I have the following dataframe
df <- data.frame(x=c("one", "one, two", "two, three", "one, two, three"))
It looks like this
x
1 one
2 one, two
3 two, three
4 one, two, three
I would like to be able to separate this x
column into many different columns, one for every distinct word in the column x
. Basically I would like the final result to be something like this
one two three
1 1 0 0
2 1 1 0
3 0 1 1
4 1 1 1
I think that in order to obtain that dataframe, I probably need to be able to use the separate
function provided by tidyr
and documented here. However, this requires knowledge of regular expressions, and I'm not good with them. Can anyone help me obtain this dataframe?

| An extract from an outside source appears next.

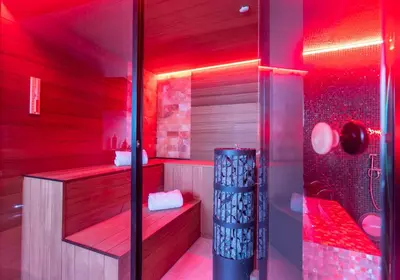 a red bathroom with a shower with red lighting at Temple Torii in Crisnée
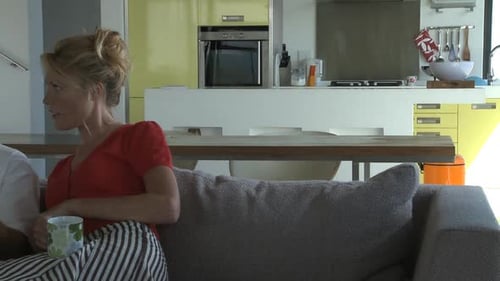 Couple Discussing Paperwork at Home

IMPORTANT: I do not know the number, nor the spelling of the words a priori.
It should work also with empty strings. For instance if we have
df <- data.frame(x=c("one", "one, two", "two, three", "one, two, three", ""))
then it should also work.
With tidyverse
, we can use separate_rows
to split up the 'x' column, create a sequence column and use pivot_wider
from tidyr
library(dplyr)
library(tidyr)
df %>%
filter(!(is.na(x)|x==""))%>%
mutate(rn = row_number()) %>%
separate_rows(x) %>%
mutate(i1 = 1) %>%
pivot_wider(names_from = x, values_from = i1, , values_fill = list(i1 = 0)) %>%
select(-rn)
# A tibble: 4 x 3
# one two three
# <dbl> <dbl> <dbl>
#1 1 0 0
#2 1 1 0
#3 0 1 1
#4 1 1 1
In the above code, the rn
column was added to have distinct identifier for each rows after we expand the rows with separate_rows
, otherwise, it can result in a list
output column in pivot_wider
when there are duplicate elements. The 'i1' with value 1 is added to be used in the values_from
. Another option is to specify values_fn = length
Or we can use table
after splitting the 'x' column in base R
table(stack(setNames(strsplit(as.character(df$x), ",\\s+"), seq_len(nrow(df))))[2:1])